## Goal of the exercise
One exact copy of the listing is needed. It should contain no pictures.
***** Material supplied *****
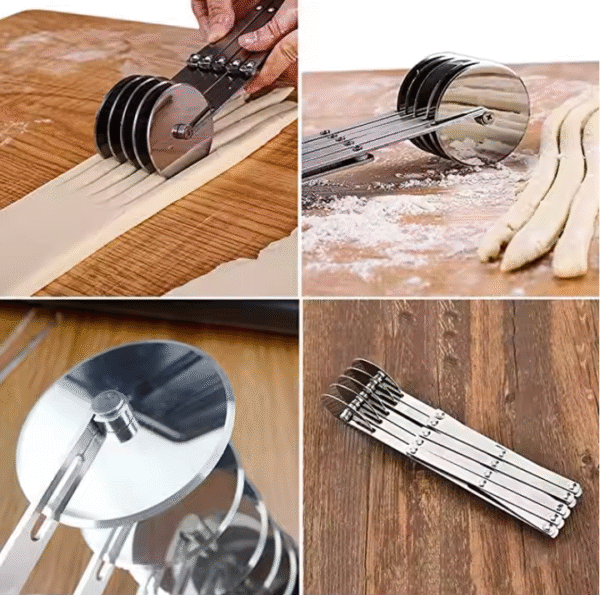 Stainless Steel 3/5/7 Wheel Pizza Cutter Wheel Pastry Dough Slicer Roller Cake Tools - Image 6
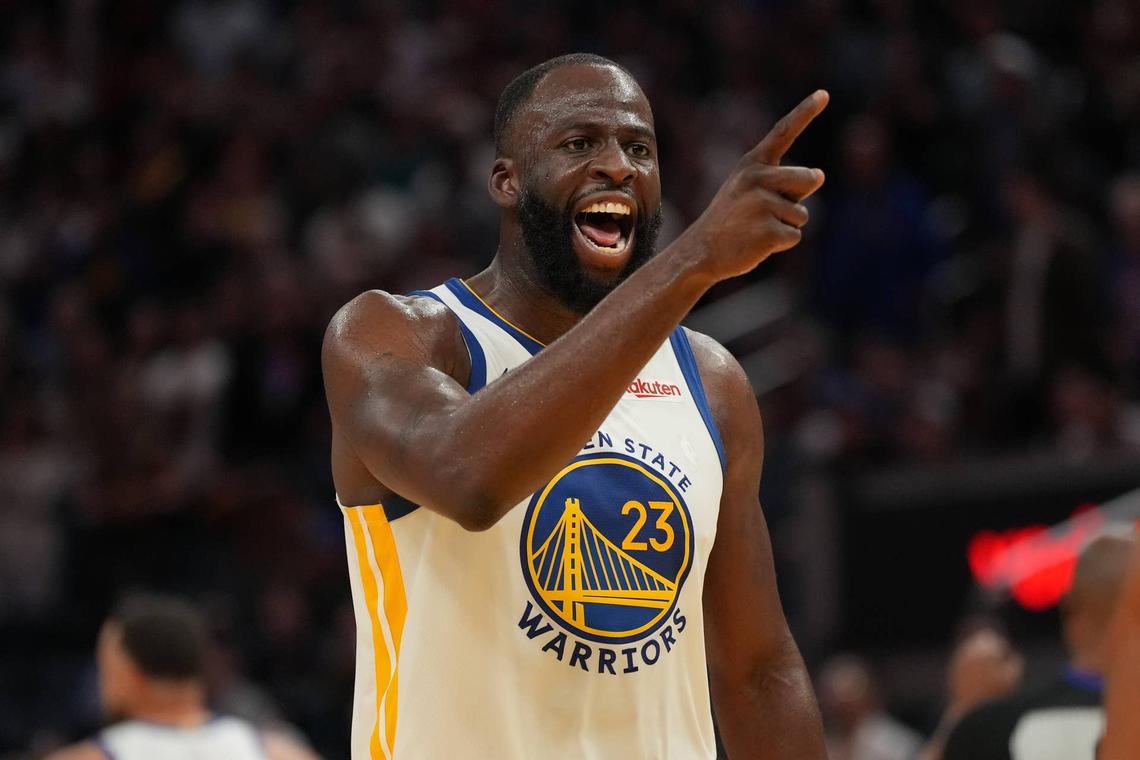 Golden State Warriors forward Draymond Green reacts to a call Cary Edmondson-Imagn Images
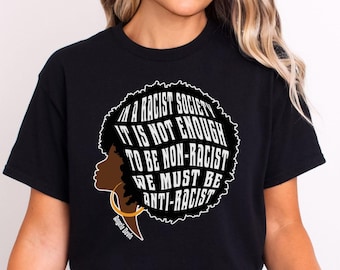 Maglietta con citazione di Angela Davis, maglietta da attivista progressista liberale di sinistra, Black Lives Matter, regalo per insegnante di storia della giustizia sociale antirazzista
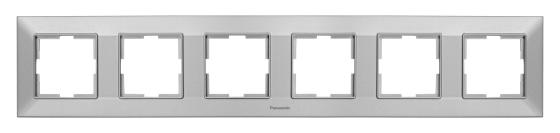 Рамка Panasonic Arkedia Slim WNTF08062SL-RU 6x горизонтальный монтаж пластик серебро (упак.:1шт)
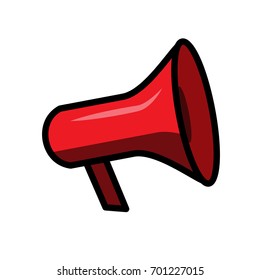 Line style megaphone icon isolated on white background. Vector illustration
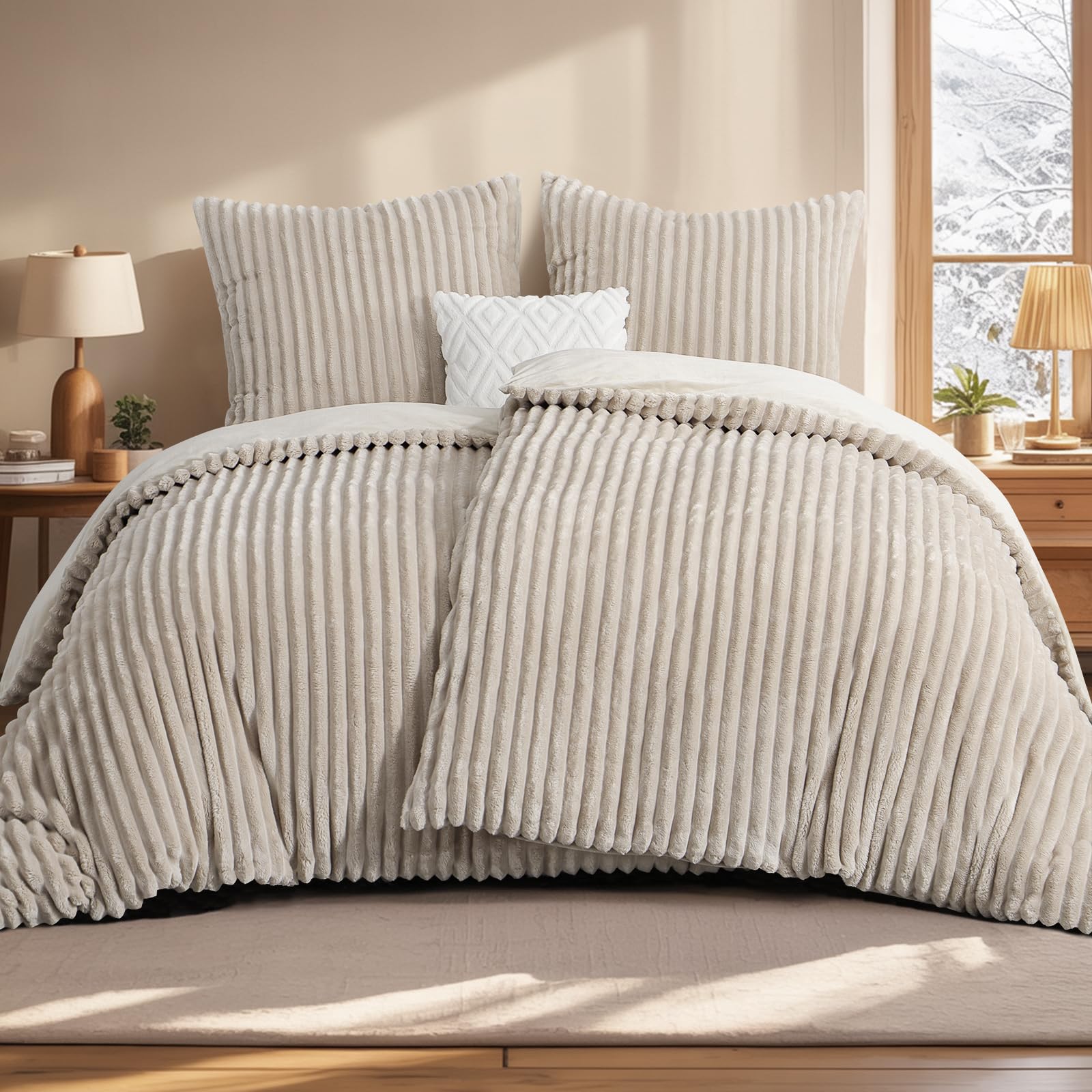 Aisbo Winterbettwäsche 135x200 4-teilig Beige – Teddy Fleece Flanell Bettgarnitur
*****
## Written solution
 Stainless Steel 3/5/7 Wheel Pizza Cutter Wheel Pastry Dough Slicer Roller Cake Tools - Image 6
 Golden State Warriors forward Draymond Green reacts to a call Cary Edmondson-Imagn Images
 Maglietta con citazione di Angela Davis, maglietta da attivista progressista liberale di sinistra, Black Lives Matter, regalo per insegnante di storia della giustizia sociale antirazzista
 Рамка Panasonic Arkedia Slim WNTF08062SL-RU 6x горизонтальный монтаж пластик серебро (упак.:1шт)
 Line style megaphone icon isolated on white background. Vector illustration
 Aisbo Winterbettwäsche 135x200 4-teilig Beige – Teddy Fleece Flanell Bettgarnitur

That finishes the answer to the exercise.